_SOURCE DATA_.
○ ○ ○

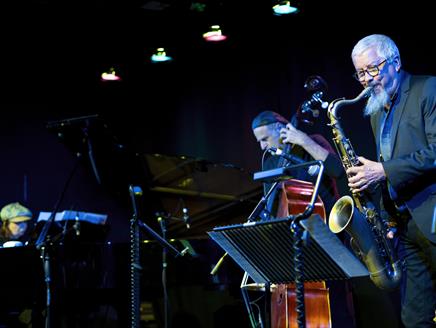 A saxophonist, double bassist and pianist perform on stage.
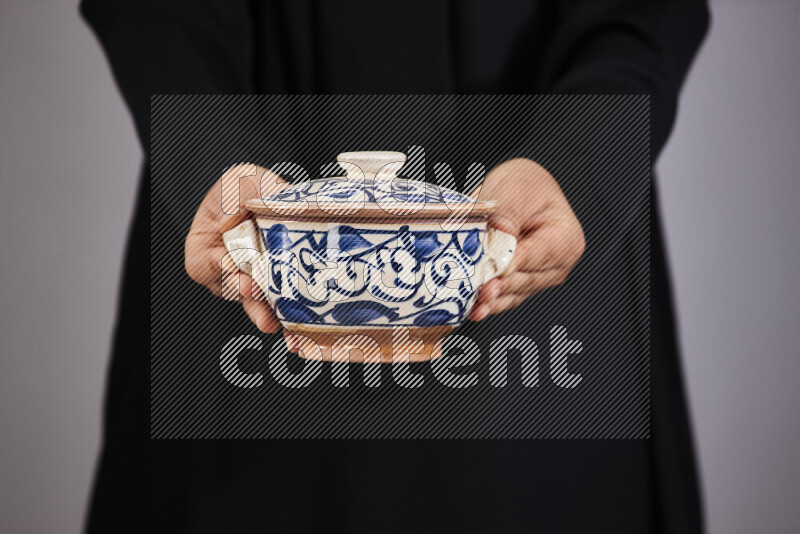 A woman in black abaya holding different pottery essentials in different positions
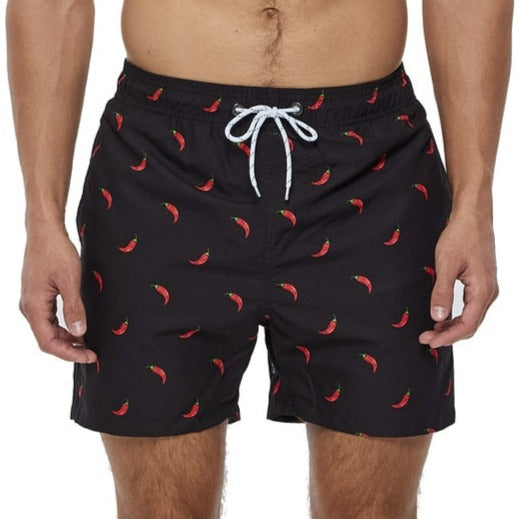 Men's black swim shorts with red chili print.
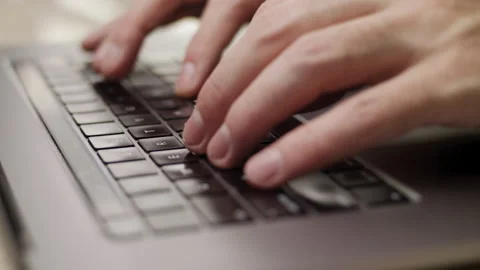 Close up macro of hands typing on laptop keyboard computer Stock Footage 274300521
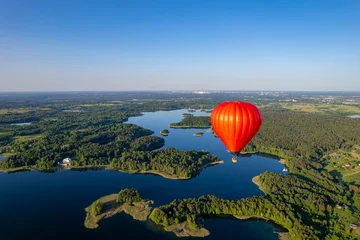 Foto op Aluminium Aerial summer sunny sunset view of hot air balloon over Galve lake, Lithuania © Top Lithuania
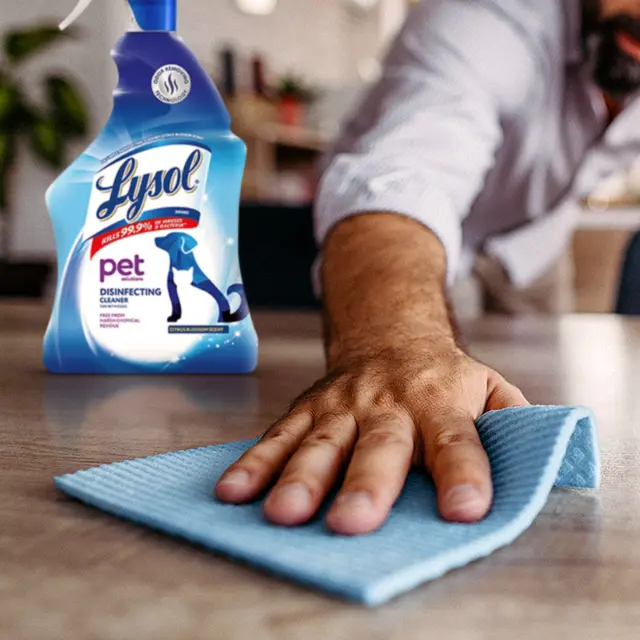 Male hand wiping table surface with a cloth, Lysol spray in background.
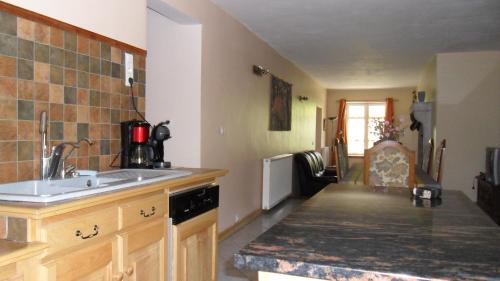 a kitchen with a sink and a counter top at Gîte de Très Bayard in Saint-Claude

○ ○ ○

_REQUIRED ACTION_. Pictures should be skipped, and the records retyped word for word.

_ANSWER FOR THE TASK_.
 A saxophonist, double bassist and pianist perform on stage.
 A woman in black abaya holding different pottery essentials in different positions
 Men's black swim shorts with red chili print.
 Close up macro of hands typing on laptop keyboard computer Stock Footage 274300521
 Foto op Aluminium Aerial summer sunny sunset view of hot air balloon over Galve lake, Lithuania © Top Lithuania
 Male hand wiping table surface with a cloth, Lysol spray in background.
 a kitchen with a sink and a counter top at Gîte de Très Bayard in Saint-Claude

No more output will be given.